If the Constitutional question is raised in an appeal to the country, the Premier has practically promised that the question of the Franchise will be raised, especially as it affects women, and this would probably be included. One of the few things for which we may give credit to the Government is the way in which its head opposed the hysteric demands of women for the enfranchisement of the propertied ones among them. In that case we may see a bid for popularity by the Liberals with a democratised Suffrage.
The Dark Horse
The uncertain and unsettling element in the situation is the President of the Local Government Board. Three years ago he was the populariser of the Government, the testimony to the democratic ideals that actuate “the Great Liberal Party.” Not many months ago an important London Liberal paper was urging that John Burns should be used more on the party stump—if the term may be allowed—because he more than any other man in the Liberal ranks could get to the heart of the people. Now John Burns is dumb. The national appeals, the propagandist speeches, are left to Mr. Lloyd George or Mr. Winston Churchill, with an occasional endorsement in the leader. This is unlike the Burns we know. When the Liberal Party is attacking the “hereditary principle” why is Mr. Burns silent, when the abolition of that principle found a place in his election programme in 1906 ? When the Liberal Government is “penalising property” with the “predatory Socialism” of its Budget (according to the Tory Press) why is the “Socialist” member of the Cabinet, which we are assured by the Liberal Press is perfectly united, not lending his most powerful aid ?
The Socialist Attitude
We are not in a position perhaps at this stage to prophecy, but Mr. Burns is probably contemplating some means of gaining the public ear and the public attention with something of wider importance and interest than Town Planning Bills.
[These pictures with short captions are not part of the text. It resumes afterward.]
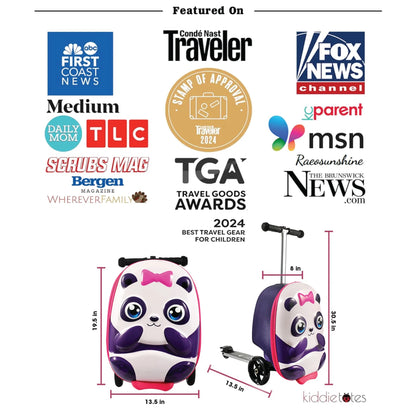Kiddietotes Kid's Hard Shell Scooter Ride On Suitcase, Pink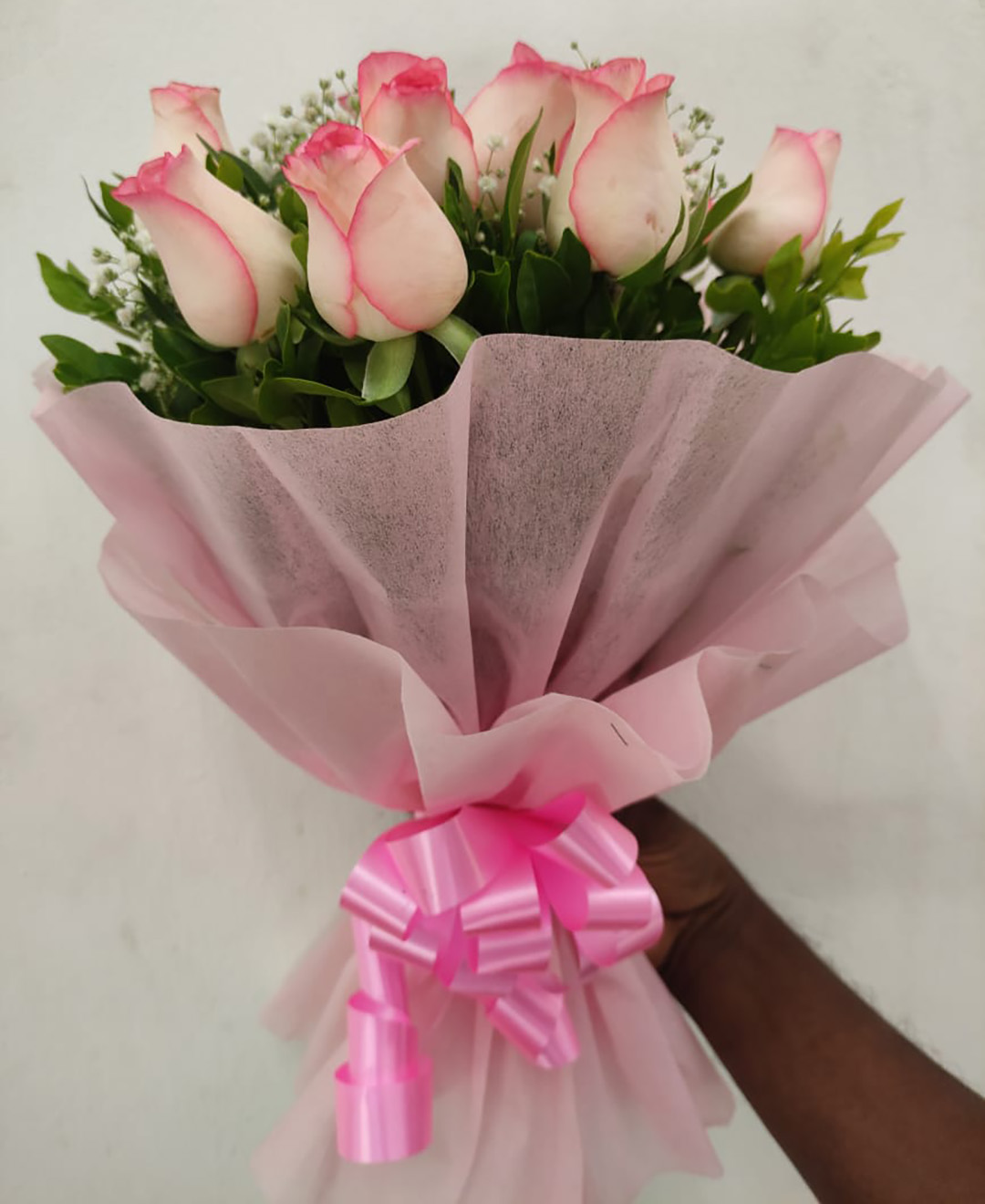 12 Pink Roses Bunch With Paper Packing
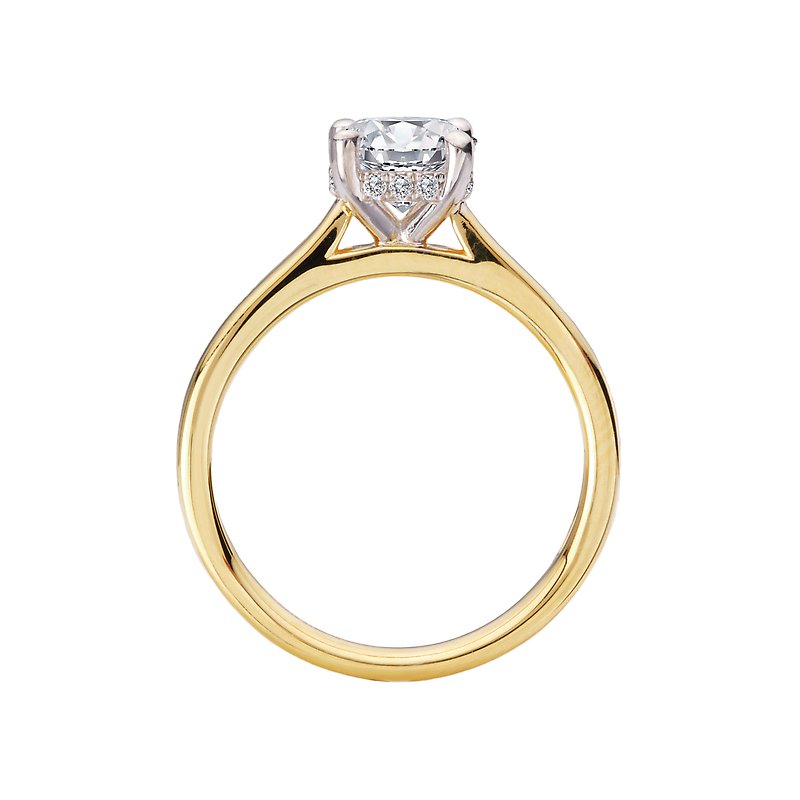 14K Yellow Gold Hidden Halo Diamond Semi-Mount Engagement Ring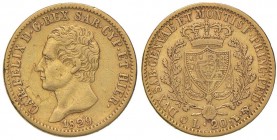 Carlo Felice (1821-1831) 20 Lire 1829 T - Nomisma 552 AU R Screpolatura al D/
BB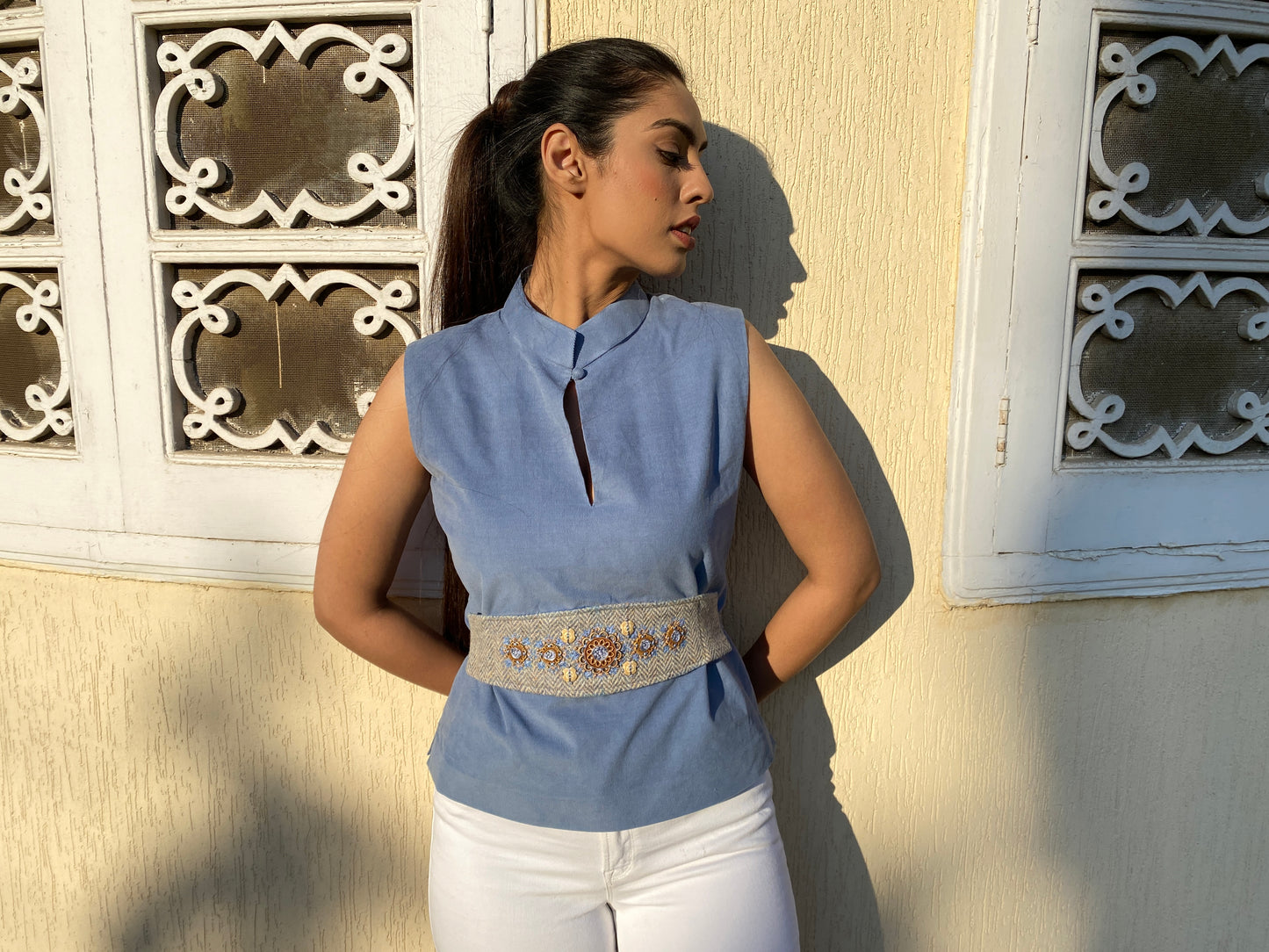 Jasmin Top with Harris Tweed belt and Hand Embroider - Short Blue
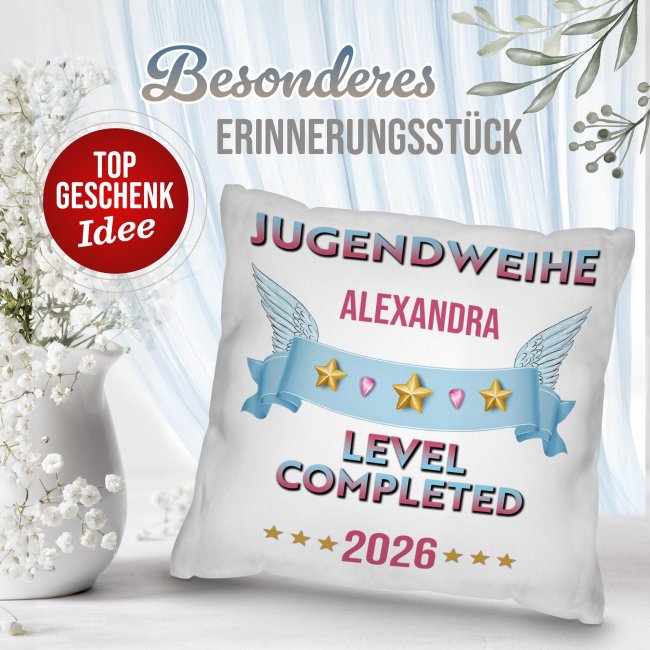 Personalisiertes Kissen zur Jugendweihe - Level completed - mit Name und Jahr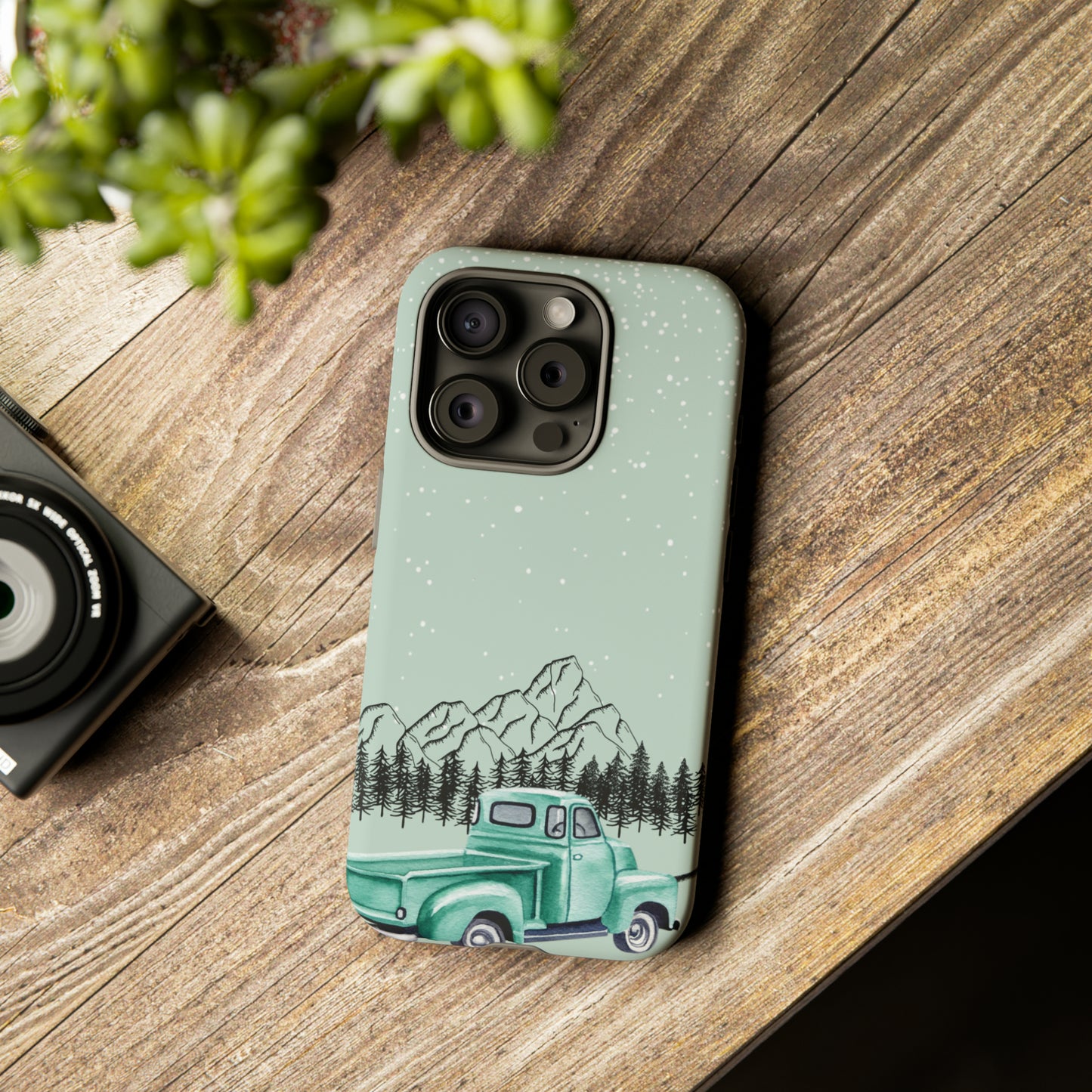 Green Truck with Winter Scenery- Tough Case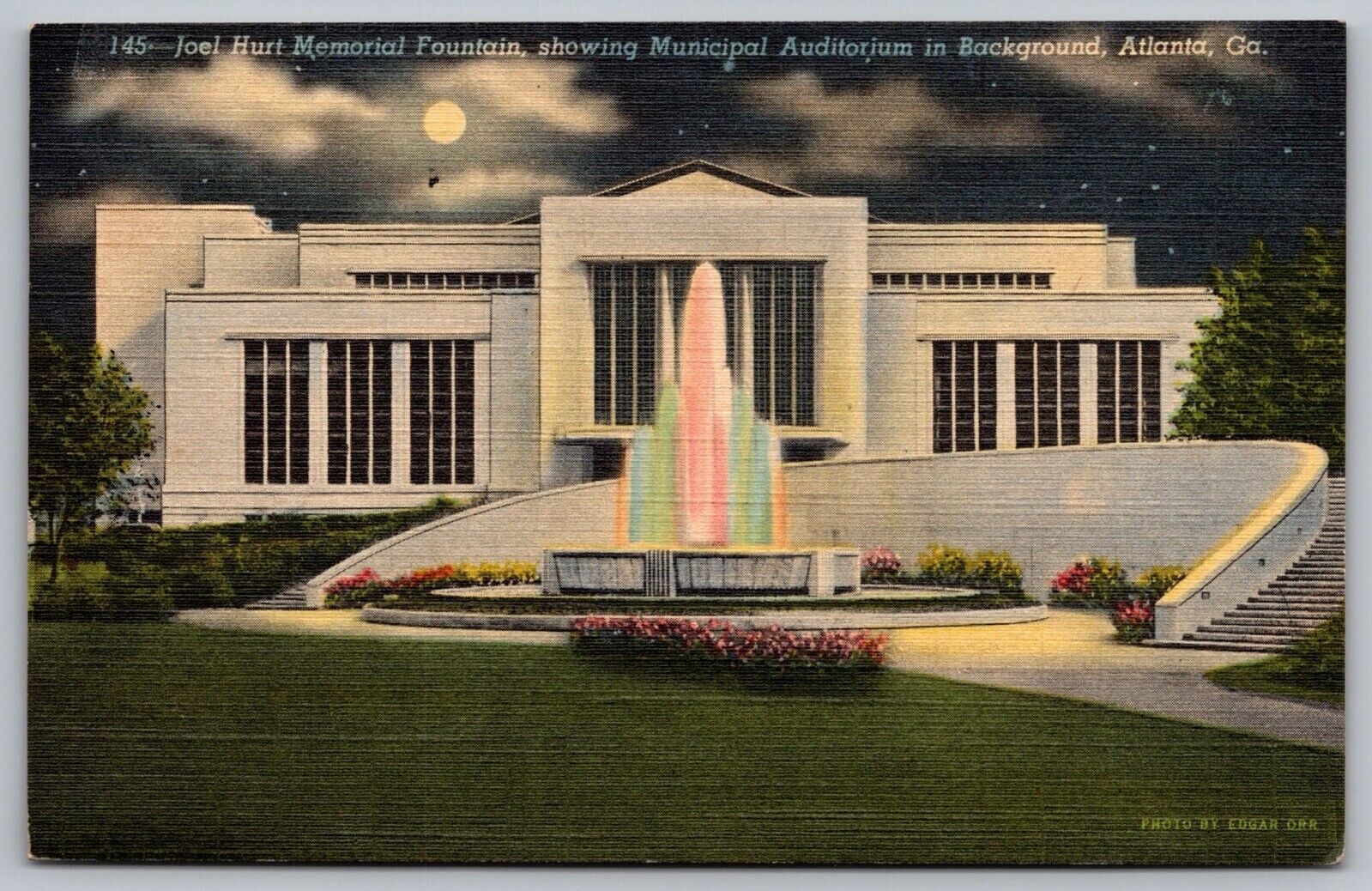 Joel Hunt Memorial Fountain Municipal Auditorium Atlanta GA Linen WOB Postcard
For the Socialist Party, and the working class for whose interest it stands, the position is clear. Convinced that no gerrymandering of the franchise or the Constitution, no readjustment of fiscal burdens, no amount of social or political or fiscal reform, from wheresoever it emanates, can touch the economic position of the workers, while they are bound by the conditions of the labour market and excluded from ownership in and control over tins machinery they operate and the wealth they produce : they will keep steadily plugging on in the heavy preliminary work of converting their fellows to the importance of the bread-and-butter question and the insignificance of’ anything else their masters may wish to bring before their notice. To the capture of the political machinery for the purpose of establishing Socialism the Socialist can only work. When he works for anything else he ceases to be a Socialist and is lost in the dust of the political contest for party, place, and power.